『嫌われ松子の一生』が教えてくれたこと

                                  

北京外国語大学 黄瑜瑩

 

この映画に出会う前、私は祖母のことが嫌いだった。 

高校二年生の夏休みのある日、祖母と道を歩いていると、向こうから隣のお婆さんがやってきた。祖母は笑顔で声をかけたが、お婆さんは一目見ただけで、偉そうに通りすぎた。祖母に対する、理由なき冷たい態度はいつものことなので、意外とは思わなかった。しかし、優しくされなかったくせに、ずっと親切な態度をとり続ける祖母に私は腹が立った。祖母に不満な顔を向けたら、夕焼けに当たった祖母のがっかりした姿に私は何も言えなくなった。 

人は自分に似た人間を嫌がるとよく言われる。おそらくそのため、私は祖母を嫌いになったのかもしれない。相手の感情を敏感に読みとったり、嫌われるのを恐れたりして、鬱病になるほど自分を苦しめたことがあって、すっかり疲れた私は、これから自分だけのことを考えて生きていこうと決めた。 

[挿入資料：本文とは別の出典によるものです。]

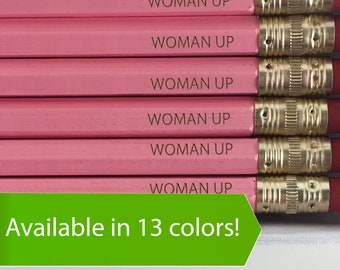 Woman Up Pencils, Engraved Pencils, Gift for Her, Funny Pencils, Desk Accessories, Stocking Stuffer, Back to School, Coworker Gift
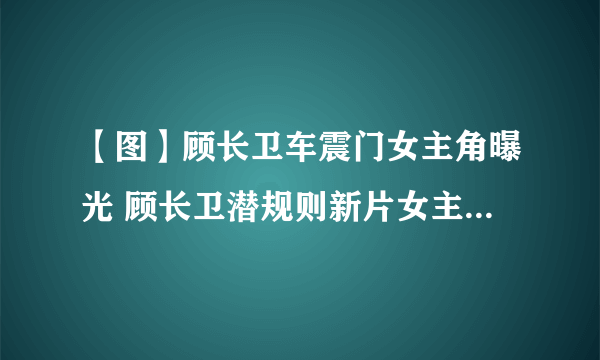 【图】顾长卫车震门女主角曝光 顾长卫潜规则新片女主角图片曝光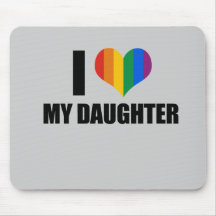 I Love my gay daughter Mouse Pad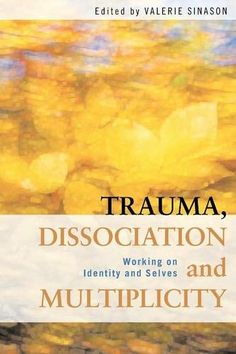 Trauma, Dissociation and Multiplicity provides psychoanalytic insights into dissociation, in particular Dissociative Identity Disorder (DID), and offers a variety of responses to the questions of self, identity and dissociation. With contributions from a range of clinicians from both America and Europe, areas of discussion include: the concept of dissociation and the current lack of understanding on this topicthe verbal language of trauma and dissociation the meaning of children's artthe dissoci Self Identity, Childrens Art, The Meaning, New Books, Psychology, Meant To Be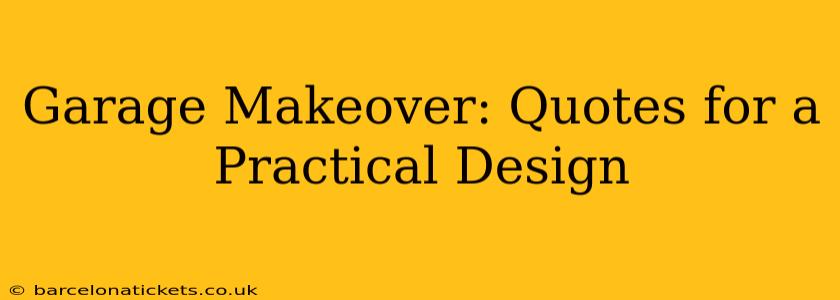 Garage Makeover: Quotes for a Practical Design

月日はこうして流れた。祖母は相変わらず、自分を苦しめながら人とつきあっていた。笑顔でいるときの祖母が本当に楽しかったかどうか、私にはわからなかった。一方、他人に関心をもたなくなった私は依然として幸せを手に入れることができなかった。  

そんなとき、『嫌われ松子の一生』という日本の映画と出会えた。 

松子さんは誰かがそばにいてくれるだけで、たとえ冷たく扱われてもいいと考えるヒロインである。実際に、彼女は何度も傷つけられた。そして、映画にこんな一言があった。「俺には、神のことなんてわからない。でも、もしこの世に神様がいて、それが松子さんのように、人を愛しても報われず、自分はぼろぼろに傷つく人なら、俺は、その神様を信じてもいいと思う。」これが私の胸に応えた。松子さんと祖母の姿が重なったからだ。傷ついてもなお、祖母は、他人を愛することをやめようとしなかった。反対に、私は他人に配慮しないことに決めた。私が気づかないうちに、人との絆も同時に失われた。映画の画面からふと窓の外に目を遣ると、確かに陽の光は、今までの光とは違っているように感じられた。 

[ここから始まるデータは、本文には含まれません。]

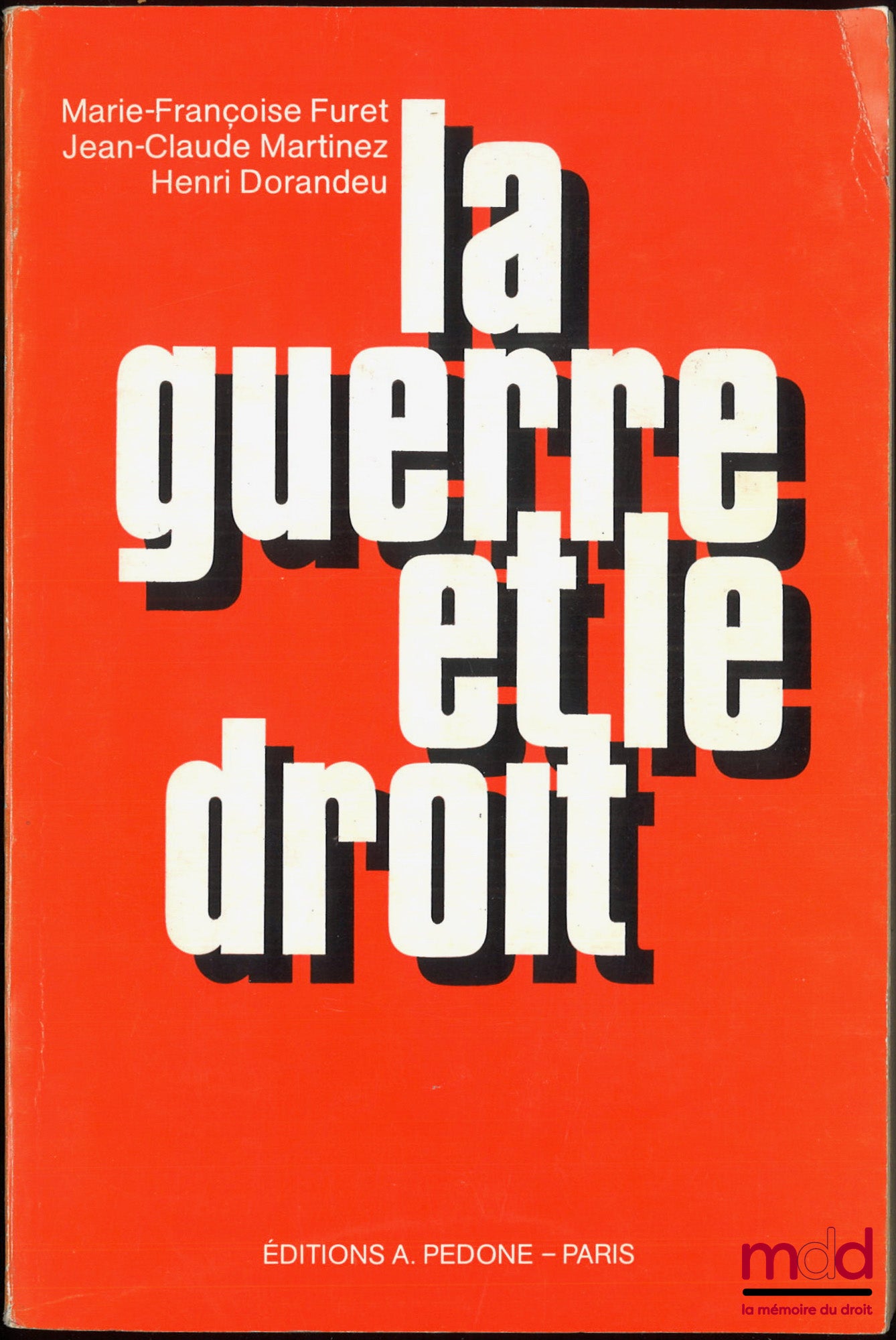 FURET (Marie-Françoise), MARTINEZ (Jean-Claude) et DONRANDEU (Henri) – LA GUERRE ET LE DROIT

そこで、私は引きこもりについて考えた。抱えきれないストレスのせいで破れかぶれになって、誰とも関わらないようになってしまう。世界に情熱を失うということだろう。しかし、ただ自分のことばかり考え、行動したら、人との関わりから生まれる愛も知ることなく、虚しさに襲われて、心が光を失ってしまうだろう。 

苦しみながら相手を受け入れるのは賢明ではない。しかし、時には私たちを傷つける絆をもち続けながら、私たちは生きていける。それゆえ、人間関係や生活などにおいて、自分を奮い立たせ、苦労があっても、愛をもって乗り越えるべきだ。心の光は、人との関わりから生まれ、愛と同義であることを、この映画が教えてくれたのだ。 

私はもう一度、松子さんと祖母のような人になりたいと思う。熱意を握り締めながら歩き続けたい。たとえ傷ついたことがあっても、人との絆を大切にしたい。